Here are a listing of some non-trivial tools I’ve written for HPC. Or trivial tools that are still useful.
1. User Tools
These can be useful for mere users. Some have additional features for root.
1.1. mayday
mayday is a tool for users to report issues with HPC. It autocollects as much info as possible and then allows the user to report the issue, filling in the bits that we typically need to know.
(informational, generates email)
1.2. dfsquotas
dfsquotas will dump the help. Improved by Francisco, shows user group quotas on any of the /dfs[123] systems, as well as the selective backup filesystem (/sbak, available to users on the interactive node compute-1-13) and allows root to change them simultaneously. Installed in /data/hpc/bin
(informational)
1.3. qbetta
A merge of the more useful parts of the SGE qhost and qstat as well as some additional info.
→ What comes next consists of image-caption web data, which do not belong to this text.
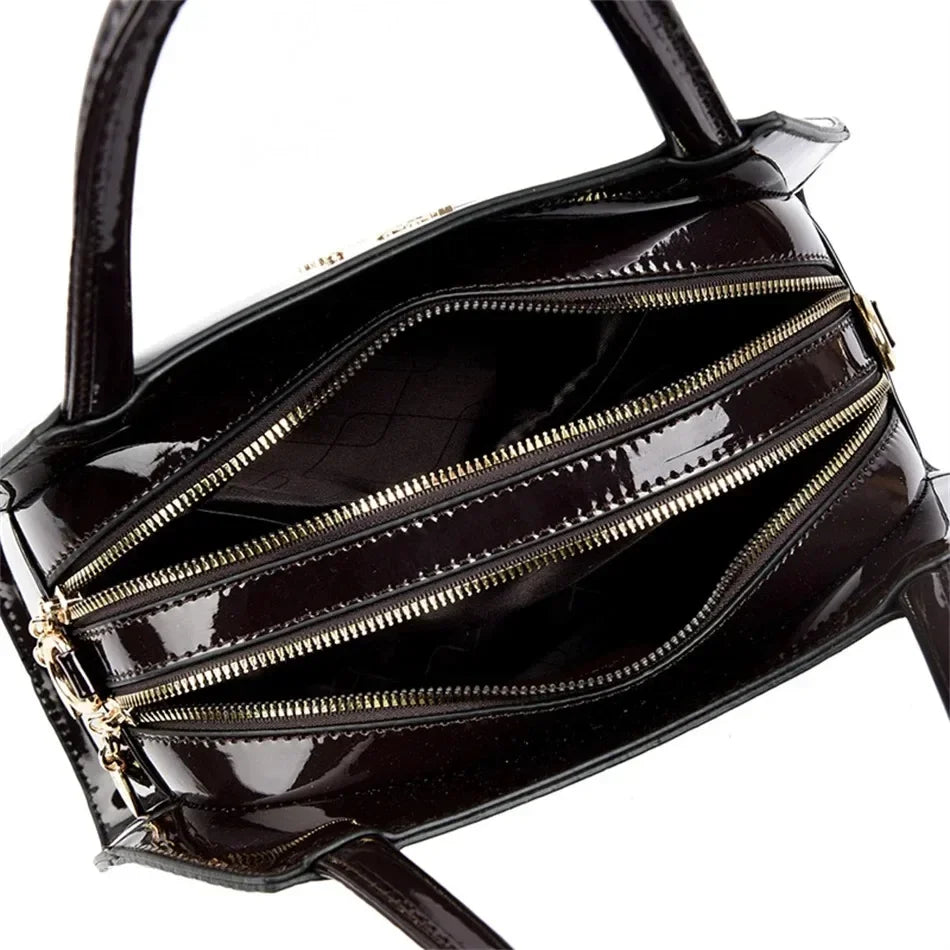 Luxury Print Leather Handbag – Large Capacity Women's Shoulder & Crossbody Bag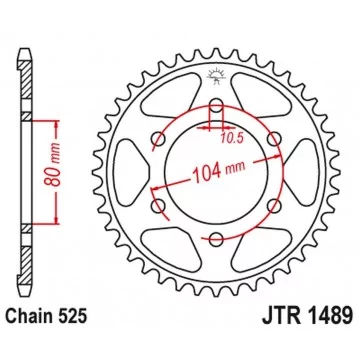 JT ZĘBATKA TYLNA 4357 47...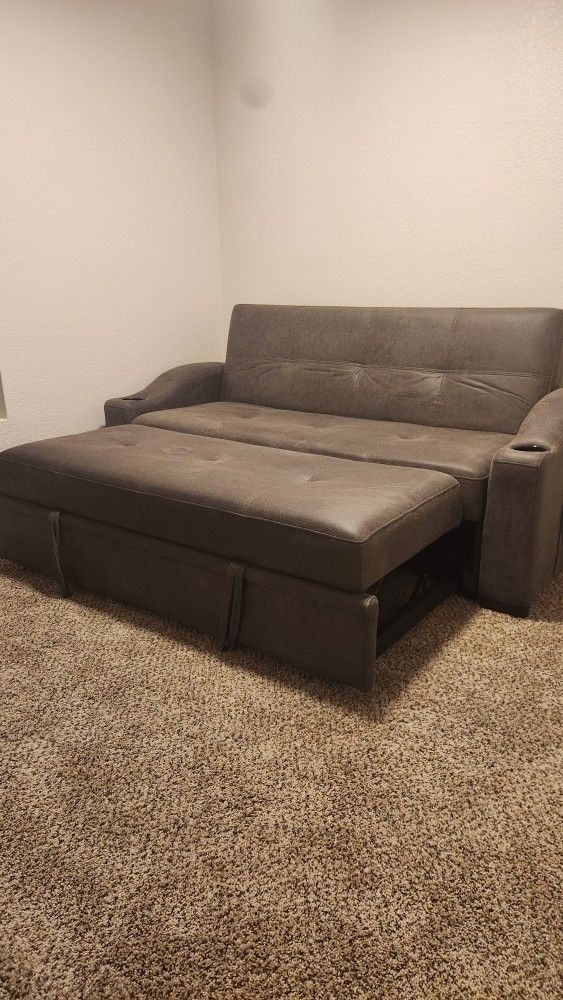 HERMOSA SMOKE POPUP SLEEPER SOFA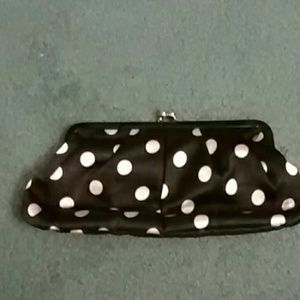 Cute polka dot clutch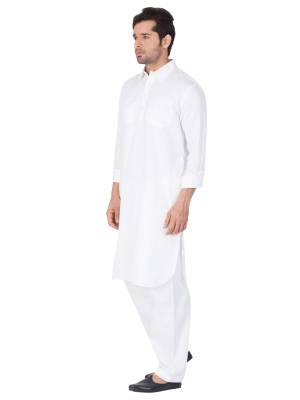 Grab This Amazing Pair Of Pathani Kurta For Men Fabricated On Cotton Silk And Cotton Respectively. This Kurta Is Suitable For Festive Wear Or Any Wedding Functions. It Is Light In Weight and Can Be Paired With Any Kind Of Bottom Like Chudidar, Pyjama Or Even Denims. Its Fabric Is Soft Towards Skin And Avialable In All Sizes. Buy Now.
Anything after the command is used as a regex to filter the output. So "qbetta bigmem" will filter the output for any line containing bigmem. If you want to get fancy, use it alone and then pipe output to your favorite grep.
(informational)
1.4. clusterload
Utility to show how loaded the cluster is (using the admittedly bad measures of loadavg and hyperthreaded cores) and then cycle thru each of the nodes in loaded order to show what’s running via top.
(informational)
1.5. profilemyjobs & pmj
profilemyjobs & pmj a utility and wrapper for long-run system profiling of apps and complex workflows. The pmj wrapper can be used to submit the profiling with a batch job, and visualize the results afterwards. Or you can viz the results realtime with an auto-refreshing gnuplot.
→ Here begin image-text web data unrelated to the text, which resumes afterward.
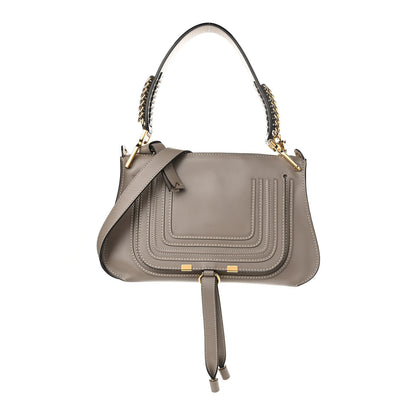Chloe Calfskin Medium Marcie Saddle Shoulder Bag Motty Grey 1 of 11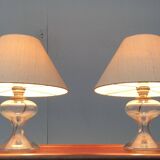 Mid-Century German table lamps ML 1 by Ingo Maurer for M Design, 1960s, set of 2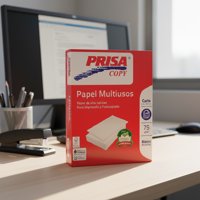 Pack 5 Resma Papel Blanco Carta 75Grs 500 Hojas Prisa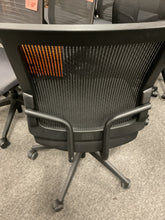 Load image into Gallery viewer, R2002 “Sit On It” Black Mesh Back Armless Used Office Chair $39.98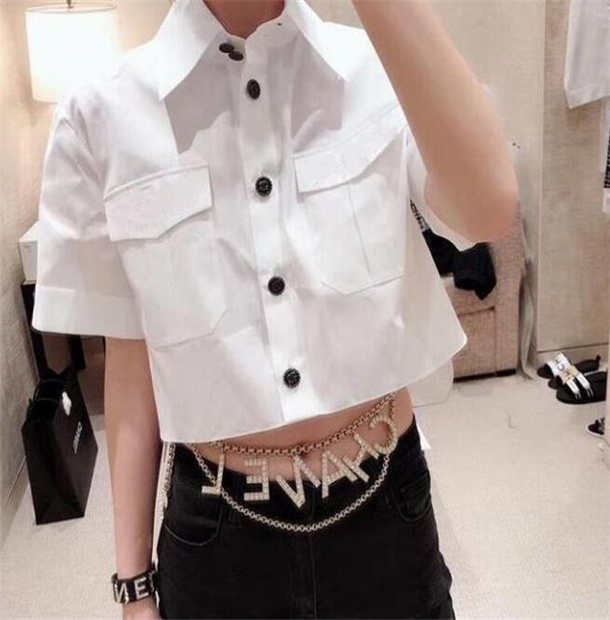 Designer brand Women's Tracksuits style seven-quarter sleeve shirt casual suit women Dresses for girl, White
Designer brand Women's Tracksuits style seven-quarter sleeve shirt casual suit women Dresses for girl, White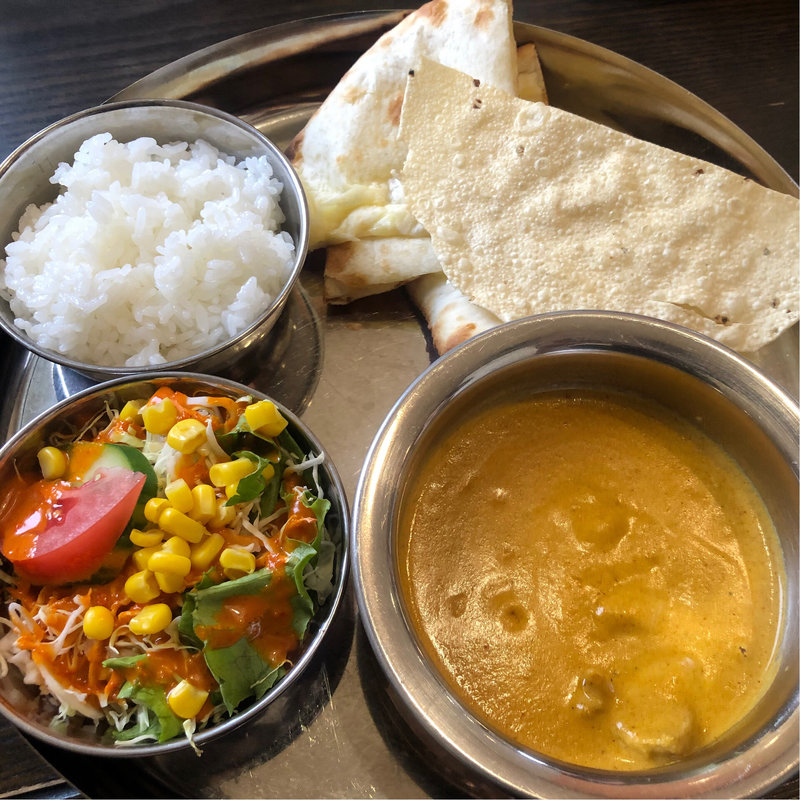 ミニチーズナンランチ(ルパ 飯塚店)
(informational, can generate large logs)
1.6. scut & cols
scut is a more flexible (but slower - Perl) combination of cut and join.
cols is like column/columns, but easier to use and provides more usability in terms of which columns are which.
(informational)
1.7. stats
stats will provide most Descriptive Statistics of anything numeric fed to it, as well as 95% conf intervals. It will also do many transformations on the data that can be either used internally or emitted to be used in other apps - log10, ln, sqrt, x2, x3, 1/x, sin, cos, tan, asin, acos, atan, round, abs, exp, pass(thru), trunc (integer part), frac (decimal part).
Fairly trivial code, but I use it 20x a day tp get a sense of a large numeric input.
(informational)
1.8. the qdirstat tools
qdirstat is one of the best filesystem visualizers available. diskover may be better, but I haven’t evaluated it much. Regardless, qdirstat is much easier to use and also comes with a great Perl filesystem recurser qdirstat-cache-writer that is both easy to use and modify.
The following are tools that I’ve written that allow you to add functionality to the qdirstat interface - see a doc called kdirstat for Clusters. Unfortuantely, kdirstat (now qdirstat) was written as a personal tool so adding this functionality is on a user-by-user basis, unless someone wants to mod the original tool. I’ve added this functionality for root on login-1-2 and nas-7-1
-
kds-qsub-tarchive.sh - a tarchiver that submits jobs to the staff Q on nas-7-1. Provides a fair amount of checking and oversight for avoiding catastrophe, but certainly not foolproof. (creates possibly large tarchives).
-
kds-pigzem.sh - utility to use pigz to compress individual compressible files in situ.
-
kds-askLDAP.sh - answers the question who owns this file and are they still at UCI?
-
kds-cleanup.sh - identifies several types of highly compressible (mostly bioinfo) files and offers to tarchive them.
1.9. find/gzip compressibles
These 2 Perl scripts find and then can compress defined types of files. Largely superceded by kds-cleanup.sh
1.10. parsyncfp
parsyncfp is a parallel wrapper for rsync to overcome TCP delays and speed up recursive indexing via the fpart file chunker. Special options for GPFS and file lists.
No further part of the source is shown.